# [YOUR GOAL]
The line containing "Construction Worker Pin" marks the end, so write out exactly every line from the top of the entries below through that one.

[Short web captions]
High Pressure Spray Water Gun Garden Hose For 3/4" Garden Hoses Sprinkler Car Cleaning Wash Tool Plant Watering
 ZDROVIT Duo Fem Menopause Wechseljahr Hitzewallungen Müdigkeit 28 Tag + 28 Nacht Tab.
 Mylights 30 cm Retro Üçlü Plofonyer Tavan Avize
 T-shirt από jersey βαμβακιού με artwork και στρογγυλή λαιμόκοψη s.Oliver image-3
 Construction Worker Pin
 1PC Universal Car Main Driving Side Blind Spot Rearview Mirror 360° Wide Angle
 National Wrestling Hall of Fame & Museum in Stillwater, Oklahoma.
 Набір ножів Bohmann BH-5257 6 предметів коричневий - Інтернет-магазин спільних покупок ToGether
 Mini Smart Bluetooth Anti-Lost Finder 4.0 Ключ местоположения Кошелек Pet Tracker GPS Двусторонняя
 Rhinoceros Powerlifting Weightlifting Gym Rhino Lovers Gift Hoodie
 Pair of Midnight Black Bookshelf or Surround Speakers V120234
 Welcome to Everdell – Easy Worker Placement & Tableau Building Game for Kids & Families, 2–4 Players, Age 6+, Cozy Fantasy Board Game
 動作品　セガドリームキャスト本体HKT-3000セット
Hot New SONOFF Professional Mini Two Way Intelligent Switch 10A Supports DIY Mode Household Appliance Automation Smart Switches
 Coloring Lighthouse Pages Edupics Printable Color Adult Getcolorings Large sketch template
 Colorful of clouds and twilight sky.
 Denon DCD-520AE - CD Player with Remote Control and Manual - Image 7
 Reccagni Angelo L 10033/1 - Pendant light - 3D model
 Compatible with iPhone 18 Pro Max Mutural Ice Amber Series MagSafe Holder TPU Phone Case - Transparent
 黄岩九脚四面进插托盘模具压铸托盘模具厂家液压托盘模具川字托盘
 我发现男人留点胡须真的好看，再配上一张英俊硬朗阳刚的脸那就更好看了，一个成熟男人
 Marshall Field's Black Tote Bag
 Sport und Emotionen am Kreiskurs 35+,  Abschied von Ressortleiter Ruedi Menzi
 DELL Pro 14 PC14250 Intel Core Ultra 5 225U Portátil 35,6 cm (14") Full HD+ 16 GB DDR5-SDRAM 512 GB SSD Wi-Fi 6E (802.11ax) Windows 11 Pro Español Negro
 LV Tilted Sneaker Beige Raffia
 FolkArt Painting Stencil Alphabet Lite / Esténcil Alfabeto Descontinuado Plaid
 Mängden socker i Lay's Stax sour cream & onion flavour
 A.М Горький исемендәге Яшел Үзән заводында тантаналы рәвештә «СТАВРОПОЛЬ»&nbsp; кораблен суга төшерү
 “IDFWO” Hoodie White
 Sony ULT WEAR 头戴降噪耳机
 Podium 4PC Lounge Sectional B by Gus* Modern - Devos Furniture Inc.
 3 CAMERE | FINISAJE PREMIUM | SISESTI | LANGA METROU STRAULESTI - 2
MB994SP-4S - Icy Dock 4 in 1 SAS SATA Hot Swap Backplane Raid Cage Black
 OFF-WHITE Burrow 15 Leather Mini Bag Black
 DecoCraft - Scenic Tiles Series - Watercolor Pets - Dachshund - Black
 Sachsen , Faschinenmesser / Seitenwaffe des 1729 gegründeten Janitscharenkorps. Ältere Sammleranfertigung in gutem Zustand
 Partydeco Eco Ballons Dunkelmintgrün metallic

# [EXERCISE SOLUTION]
High Pressure Spray Water Gun Garden Hose For 3/4" Garden Hoses Sprinkler Car Cleaning Wash Tool Plant Watering
 ZDROVIT Duo Fem Menopause Wechseljahr Hitzewallungen Müdigkeit 28 Tag + 28 Nacht Tab.
 Mylights 30 cm Retro Üçlü Plofonyer Tavan Avize
 T-shirt από jersey βαμβακιού με artwork και στρογγυλή λαιμόκοψη s.Oliver image-3
 Construction Worker Pin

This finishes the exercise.